Restarting a simulation

Axel Huebl edited this page Nov 14, 2017 · 15 revisions

You are here: Home > PIConGPU User Documentation > Restarting a simulation


PIConGPU supports restarting the simulation run from checkpoints stored on disk.

Checkpointing

Checkpoints are special dumps of the simulation data that contain all information required for a restart. This may include internal data that is not required/intended for post-processing or analysis. To enable checkpoints, add the

--checkpoint.period <period>

flag to the PIConGPU command line, specifying the period with which checkpoints should be created. Each checkpoint step is added to a central checkpoint file.

Plugins will receive a special notification for a checkpoint every --checkpoint.period steps in addition to the standard notification, triggered every <plugin>.period steps.

Since restarts require most field and particle data, the HDF5Writer plugin must be enabled. Whenever a standard output notification and a checkpoint notification are triggered for HDF5Writer for the same timestep, both the checkpoint and the standard output are written. For information on other plugins, see their documentation.

Restarts

Restarting PIConGPU requires that checkpoints are created as shown in the above section and the HDF5Writer plugin is enabled. In this case, set the following flag:

--checkpoint.restart

The last checkpoint is detected automatically by parsing the central checkpoint file in the restart directory.

Example

This example shows how to set flags to create checkpoints and restarts using the HDF5Writer plugin.

Checkpointing: Run a simulation with 8 GPUs for 1024 steps, dumping results every 128 steps and checkpointing every 512 steps. Dumps are created with the filename prefix "simData", checkpoints use their default directory and filename prefix ("checkpoints/h5_checkpoint" for HDF5Writer checkpoints).

-d 2 2 2 -g 256 512 256 -s 1024 --checkpoint.period 512 --hdf5.period 128 --hdf5.file simData 

Restart: Restart with the same GPU and grid configuration from the last checkpoint (1024). Since we used the default file names during checkpointing, we do not need to provide any file prefixes. After restart, simulate another 1024 steps, up until timestep 2048. Here, neither output nor checkpoints are written.

-d 2 2 2 -g 256 512 256 -s 2048 --checkpoint.restart 

Modifying Defaults for Checkpoints and Restarts

By default, the checkpoint files are created below <run>/simOutput/checkpoints. This can be changed using

--checkpoint.directory <absolute or relative path>

which creates either /my/absolute/directory or <run>/simOutput/<relative directory>. Note that the creation of deep directory-structures is currently not supported. Optionally, the flag hdf5.checkpoint-file <absolute or relative filename prefix> may be set to specify a special filename for checkpoint files.

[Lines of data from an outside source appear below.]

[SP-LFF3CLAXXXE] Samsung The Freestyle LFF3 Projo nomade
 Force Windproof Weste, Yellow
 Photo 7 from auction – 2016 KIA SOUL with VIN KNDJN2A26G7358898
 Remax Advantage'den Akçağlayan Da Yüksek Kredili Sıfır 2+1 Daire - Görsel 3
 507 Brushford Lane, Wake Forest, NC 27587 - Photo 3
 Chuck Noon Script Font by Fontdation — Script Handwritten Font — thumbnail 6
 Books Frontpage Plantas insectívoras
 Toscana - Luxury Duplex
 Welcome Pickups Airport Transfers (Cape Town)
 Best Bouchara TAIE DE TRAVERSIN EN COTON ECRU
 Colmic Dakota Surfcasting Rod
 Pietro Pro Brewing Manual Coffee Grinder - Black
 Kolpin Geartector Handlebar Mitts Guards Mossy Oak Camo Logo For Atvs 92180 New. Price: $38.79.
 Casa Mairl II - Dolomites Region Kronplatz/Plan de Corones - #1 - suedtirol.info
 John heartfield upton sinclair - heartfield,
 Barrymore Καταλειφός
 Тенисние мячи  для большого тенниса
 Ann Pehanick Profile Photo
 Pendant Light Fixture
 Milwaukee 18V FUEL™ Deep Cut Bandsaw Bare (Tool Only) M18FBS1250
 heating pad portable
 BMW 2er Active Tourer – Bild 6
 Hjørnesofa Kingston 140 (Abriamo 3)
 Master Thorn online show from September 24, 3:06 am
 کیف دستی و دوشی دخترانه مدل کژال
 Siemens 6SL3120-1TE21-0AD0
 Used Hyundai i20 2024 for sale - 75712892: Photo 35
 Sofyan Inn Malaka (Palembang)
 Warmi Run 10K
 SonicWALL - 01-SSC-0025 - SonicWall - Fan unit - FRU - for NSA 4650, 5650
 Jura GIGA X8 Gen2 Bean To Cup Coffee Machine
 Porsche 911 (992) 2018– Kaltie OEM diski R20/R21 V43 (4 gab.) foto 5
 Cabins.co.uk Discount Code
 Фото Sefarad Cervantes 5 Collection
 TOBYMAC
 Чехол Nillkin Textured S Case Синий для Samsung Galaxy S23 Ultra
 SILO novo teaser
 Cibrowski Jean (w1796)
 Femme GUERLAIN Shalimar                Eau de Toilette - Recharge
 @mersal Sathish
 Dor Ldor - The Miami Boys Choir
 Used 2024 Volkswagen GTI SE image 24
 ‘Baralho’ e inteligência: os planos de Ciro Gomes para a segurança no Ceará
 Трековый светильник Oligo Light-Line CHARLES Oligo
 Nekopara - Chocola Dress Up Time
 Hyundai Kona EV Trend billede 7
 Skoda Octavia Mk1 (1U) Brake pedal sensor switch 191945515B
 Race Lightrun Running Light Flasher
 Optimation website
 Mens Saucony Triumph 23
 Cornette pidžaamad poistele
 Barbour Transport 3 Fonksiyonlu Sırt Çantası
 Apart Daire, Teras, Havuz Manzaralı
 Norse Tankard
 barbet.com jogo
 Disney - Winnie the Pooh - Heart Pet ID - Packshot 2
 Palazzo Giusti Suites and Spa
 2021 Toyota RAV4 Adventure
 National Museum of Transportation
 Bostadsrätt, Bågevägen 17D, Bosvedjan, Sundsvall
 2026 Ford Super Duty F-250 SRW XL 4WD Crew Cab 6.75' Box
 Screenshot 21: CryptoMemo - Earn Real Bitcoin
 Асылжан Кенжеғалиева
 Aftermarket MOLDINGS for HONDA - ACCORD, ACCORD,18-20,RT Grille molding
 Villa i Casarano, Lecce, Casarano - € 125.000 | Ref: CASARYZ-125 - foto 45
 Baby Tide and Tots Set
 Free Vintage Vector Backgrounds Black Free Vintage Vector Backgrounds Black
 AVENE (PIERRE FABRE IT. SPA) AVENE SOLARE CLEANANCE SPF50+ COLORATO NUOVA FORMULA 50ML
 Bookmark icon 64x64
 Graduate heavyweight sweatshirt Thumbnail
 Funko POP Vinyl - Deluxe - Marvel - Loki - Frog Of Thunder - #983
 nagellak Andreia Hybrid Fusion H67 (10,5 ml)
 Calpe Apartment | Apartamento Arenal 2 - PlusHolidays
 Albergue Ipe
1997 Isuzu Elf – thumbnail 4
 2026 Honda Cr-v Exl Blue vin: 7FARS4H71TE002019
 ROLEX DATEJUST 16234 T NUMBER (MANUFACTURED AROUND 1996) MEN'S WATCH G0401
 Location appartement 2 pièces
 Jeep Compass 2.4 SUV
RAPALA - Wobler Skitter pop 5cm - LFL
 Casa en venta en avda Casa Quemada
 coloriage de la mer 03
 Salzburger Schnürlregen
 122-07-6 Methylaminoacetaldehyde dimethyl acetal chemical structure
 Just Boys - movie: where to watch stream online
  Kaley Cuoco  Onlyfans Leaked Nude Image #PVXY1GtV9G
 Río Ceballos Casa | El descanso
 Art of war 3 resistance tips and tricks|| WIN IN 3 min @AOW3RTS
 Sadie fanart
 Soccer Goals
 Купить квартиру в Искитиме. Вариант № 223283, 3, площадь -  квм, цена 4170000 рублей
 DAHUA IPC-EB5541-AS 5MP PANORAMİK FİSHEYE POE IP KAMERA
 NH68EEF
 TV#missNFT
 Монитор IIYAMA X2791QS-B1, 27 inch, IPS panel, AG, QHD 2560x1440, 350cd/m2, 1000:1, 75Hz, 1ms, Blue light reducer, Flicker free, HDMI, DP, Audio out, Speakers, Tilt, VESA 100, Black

If hdf5.checkpoint-file is set with an absolute path, HDF5Writer ignores the application-wide --checkpoint-directory setting.

For restart, the default path can be modified using

--checkpoint.restart.directory <absolute or relative path>

and hdf5.restart-file for which the same as for checkpoints applies.

--checkpoint.restart.step <checkpoint/restart step>

can be added to set a restart step manually instead of using the central checkpoint file.